→ Exercise requirements
Quote word for word from the line holding "A cyclical thick" to the last line below, including both, and omit any pictures.

→ Extracted data
"""

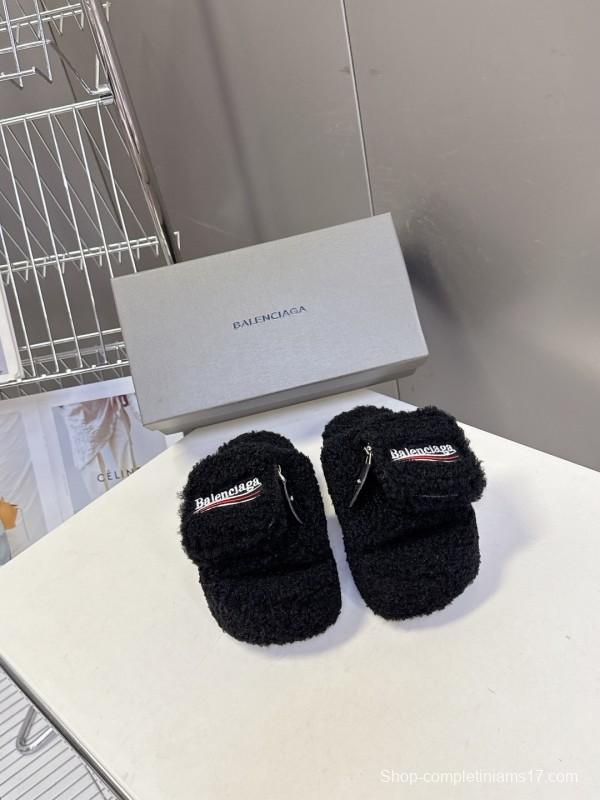Balenciaga 2025/SS Couple Edition Coca-Cola Logo Furry Slippers - KFY00230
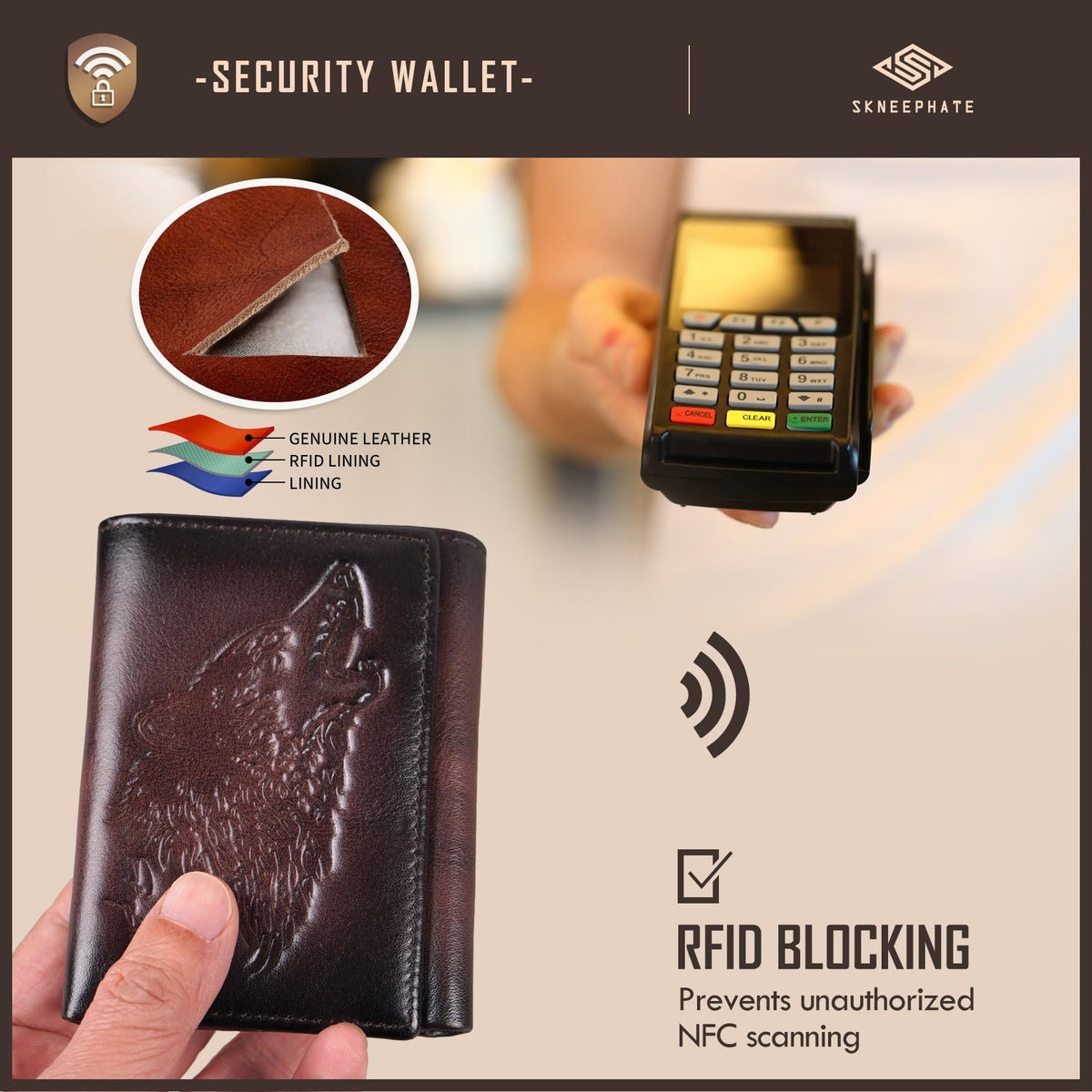 skneephate Men's Trifold Wallet,Wolf Wallets For Men Leather,Rfid Blocking,Gifts For Him Husband (coffee)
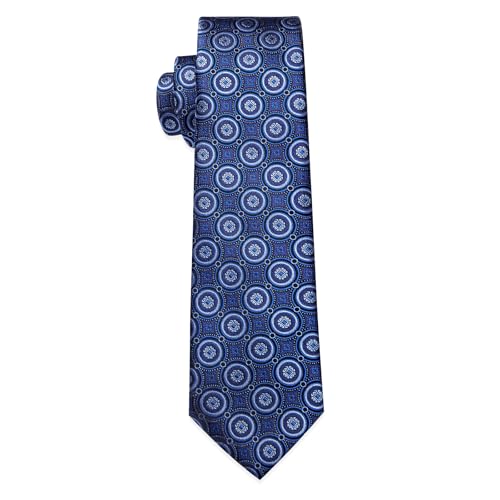 Image of YourTies Silk Paisley Floral Tie and Pocket Square Cufflinks with Lapel Pin Sets for Men 5PC Wedding Party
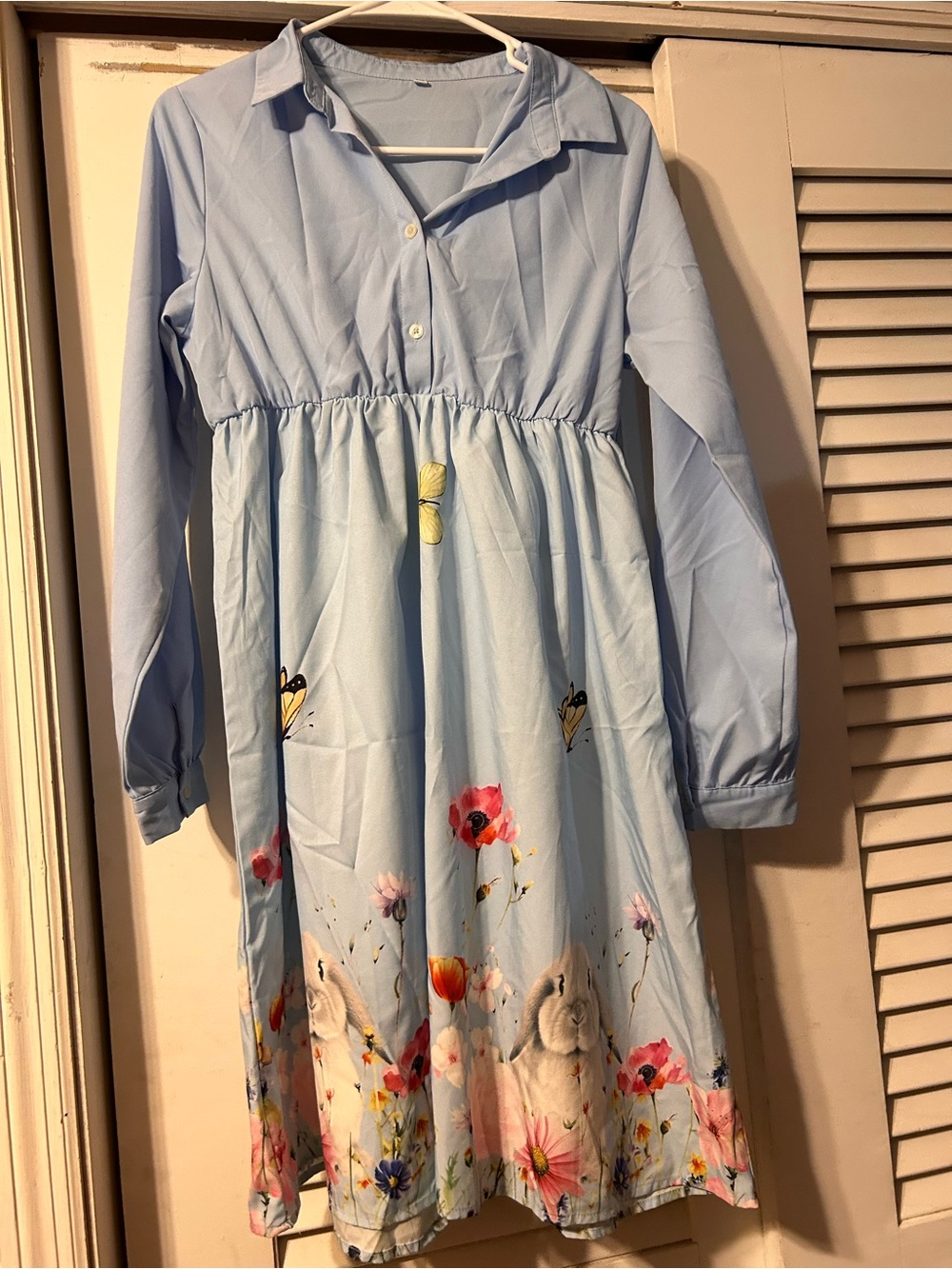 Light Blue Floral & Bunny Long-Sleeve Girls Dress by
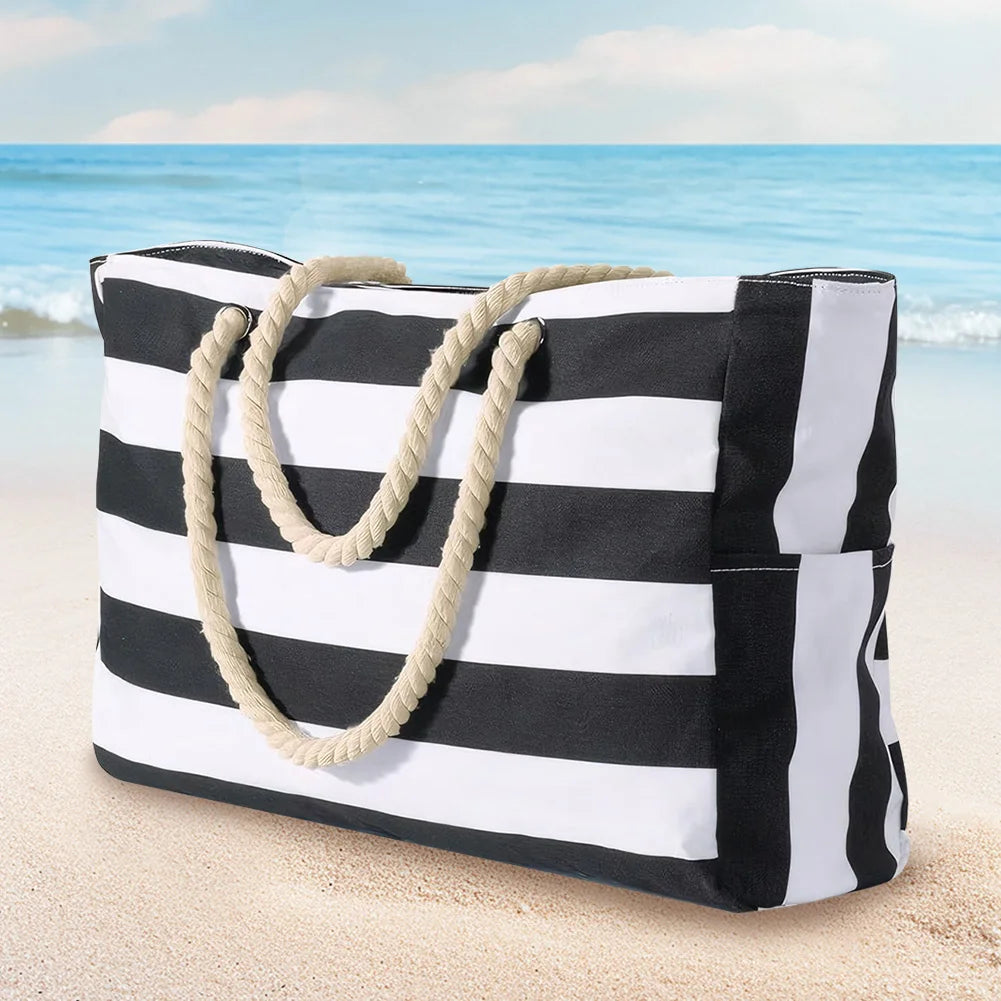 Women Beach Bag Stripe Waterproof Sandproof Shoulder Bag Large Capacity Canvas Tote Bag with Zipper Travel Handbag Swim Pool Bag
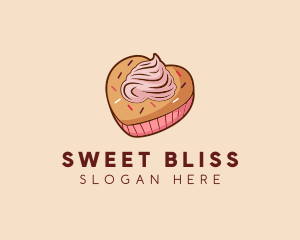 Heart Pastry Muffin logo design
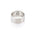 A cyclical thick ring made of sterling silver with a hexagonal center embellishment, displayed on a white background.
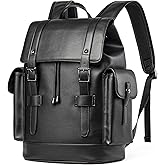 MATE ELAN Leather Backpack Waterproof Fit 15.6 Inch Laptop Vintage Drawstring Design Large Capacity Travel Sports Outdoor Casual Black Men Women College Backpack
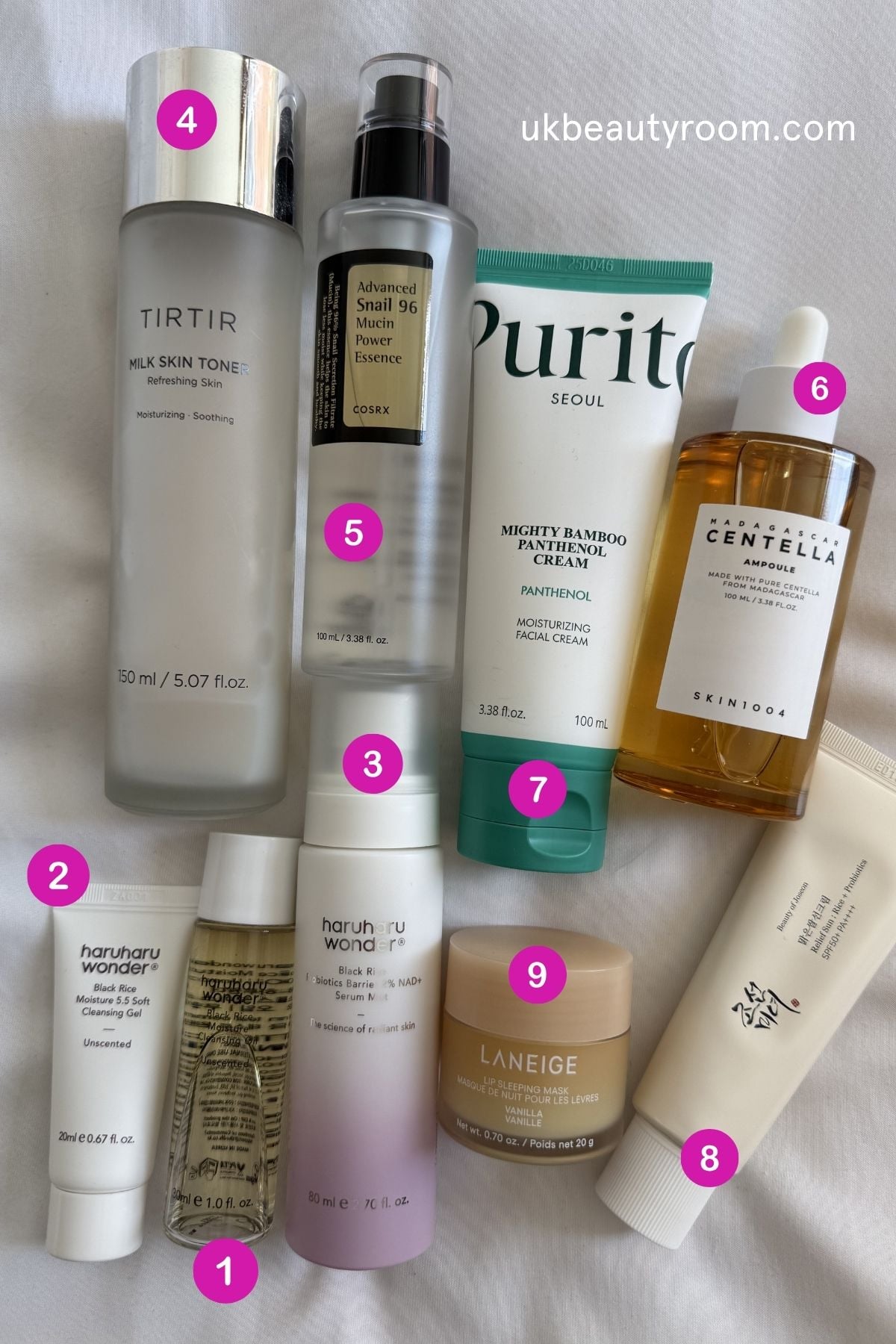 Nine Korean skincare products for dry skin arranged flat lay and numbered in routine order: Haruharu Wonder Black Rice Cleansing Oil and Cleansing Gel, Black Rice Serum Mist, TirTir Milk Skin Toner, COSRX Advanced Snail 96 Mucin Essence, SKIN1004 Madagascar Centella Ampoule, Purito Mighty Bamboo Panthenol Cream, Beauty of Joseon Relief Sun SPF50, and Laneige Lip Sleeping Mask.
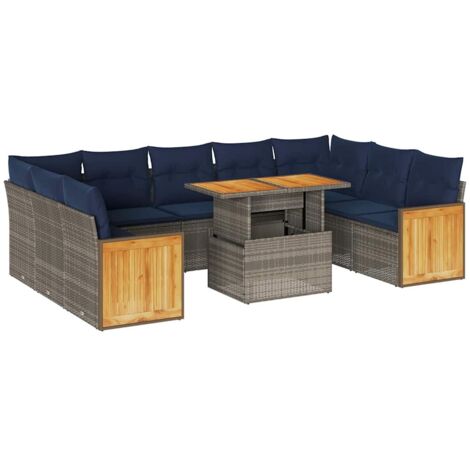 vidaXL Divano Giardino 10 pz con Cuscini Grigio in Polyrattan Acacia (1/5)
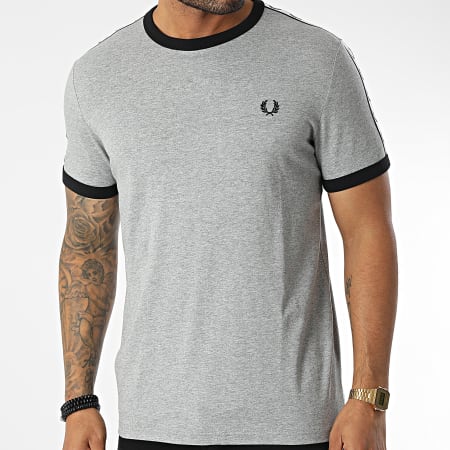 Fred Perry - Tee Shirt A Bandes Taped Gris Chiné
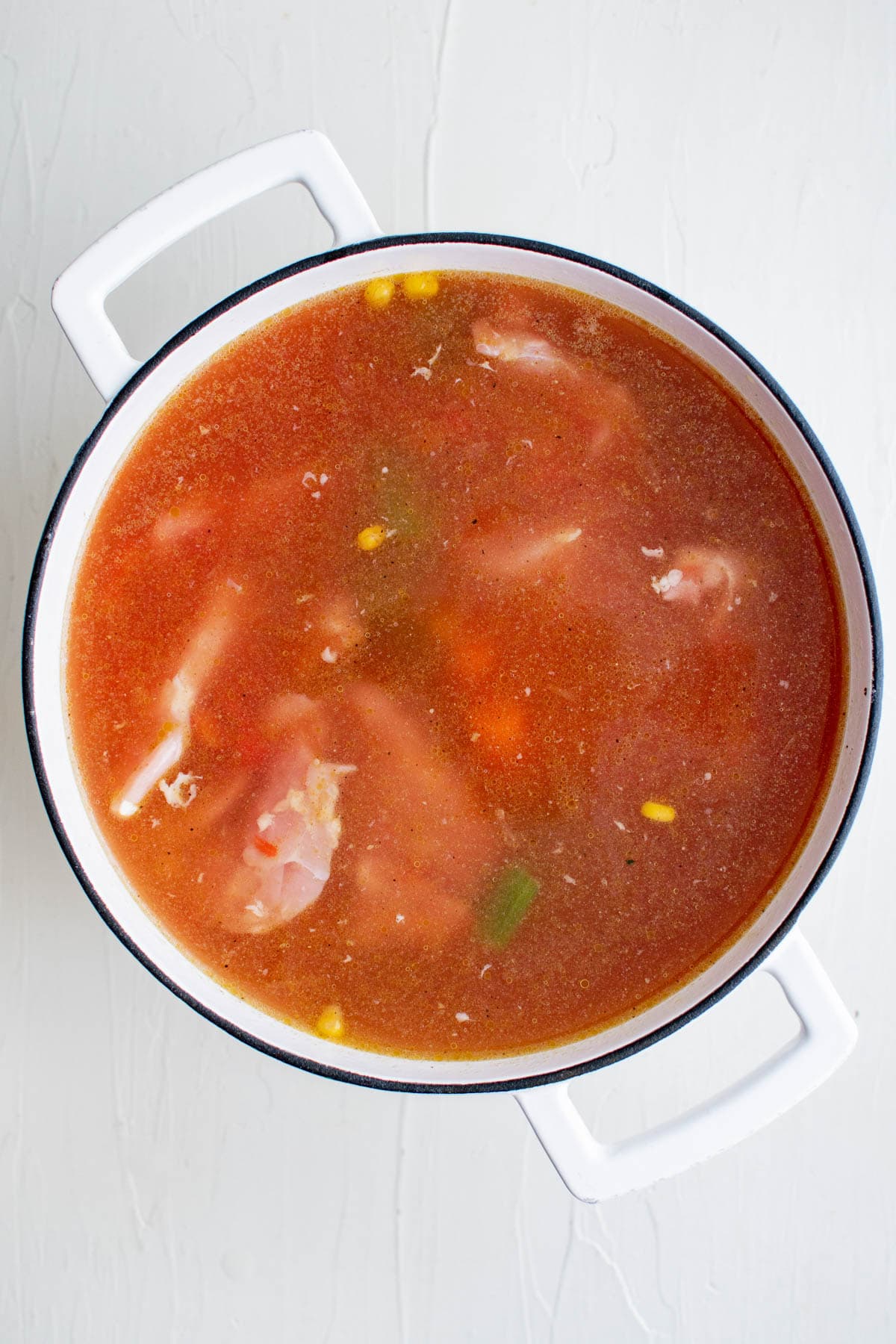 soup pot with tomato broth, raw chicken, vegetables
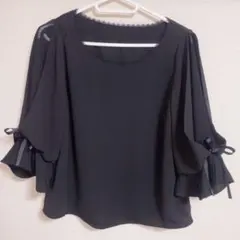 ⭐︎専用ページ evelyn シフォンブラウス ブラック トップス 七分袖
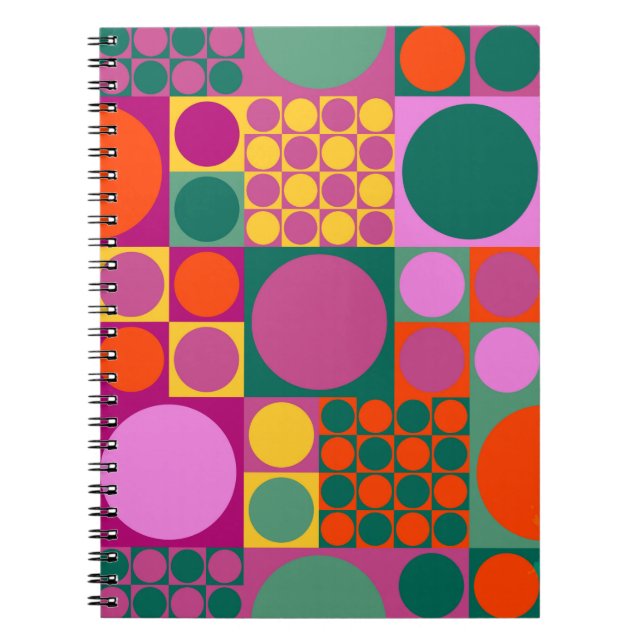 Cuaderno Patrón de fondo geométrico abstracto sin soldadura (Frente)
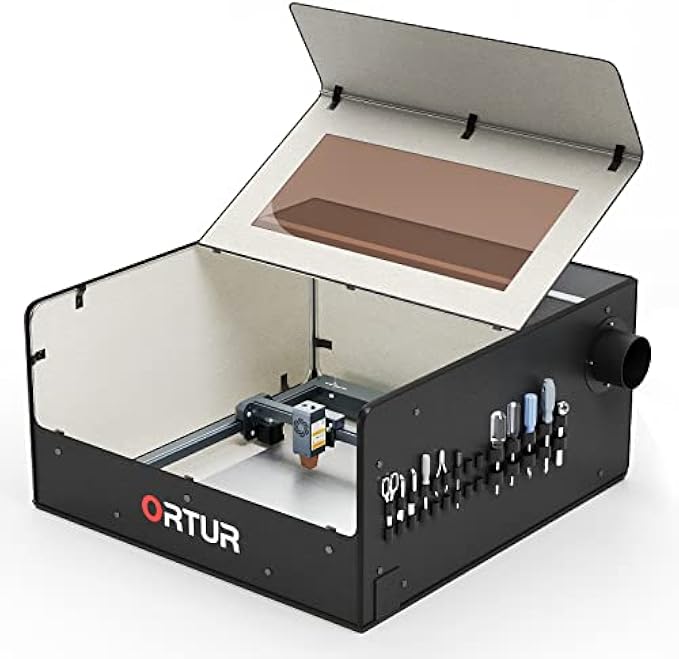 ORTUR laser engraving machine housing, fireproof and dustproof protective cover, with exhaust fan, suitable for all ORTUR laser engraving machines, heat insulation against fumes and odors, noise reduc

"""

→ Written answer
 A cyclical thick ring made of sterling silver with a hexagonal center embellishment, displayed on a white background.
 MATE ELAN Leather Backpack Waterproof Fit 15.6 Inch Laptop Vintage Drawstring Design Large Capacity Travel Sports Outdoor Casual Black Men Women College Backpack
 Nine Korean skincare products for dry skin arranged flat lay and numbered in routine order: Haruharu Wonder Black Rice Cleansing Oil and Cleansing Gel, Black Rice Serum Mist, TirTir Milk Skin Toner, COSRX Advanced Snail 96 Mucin Essence, SKIN1004 Madagascar Centella Ampoule, Purito Mighty Bamboo Panthenol Cream, Beauty of Joseon Relief Sun SPF50, and Laneige Lip Sleeping Mask.
 vidaXL Divano Giardino 10 pz con Cuscini Grigio in Polyrattan Acacia (1/5)
 Fred Perry - Tee Shirt A Bandes Taped Gris Chiné
 soup pot with tomato broth, raw chicken, vegetables
 ⭐︎専用ページ evelyn シフォンブラウス ブラック トップス 七分袖
 Cuaderno Patrón de fondo geométrico abstracto sin soldadura (Frente)
 ORTUR laser engraving machine housing, fireproof and dustproof protective cover, with exhaust fan, suitable for all ORTUR laser engraving machines, heat insulation against fumes and odors, noise reduc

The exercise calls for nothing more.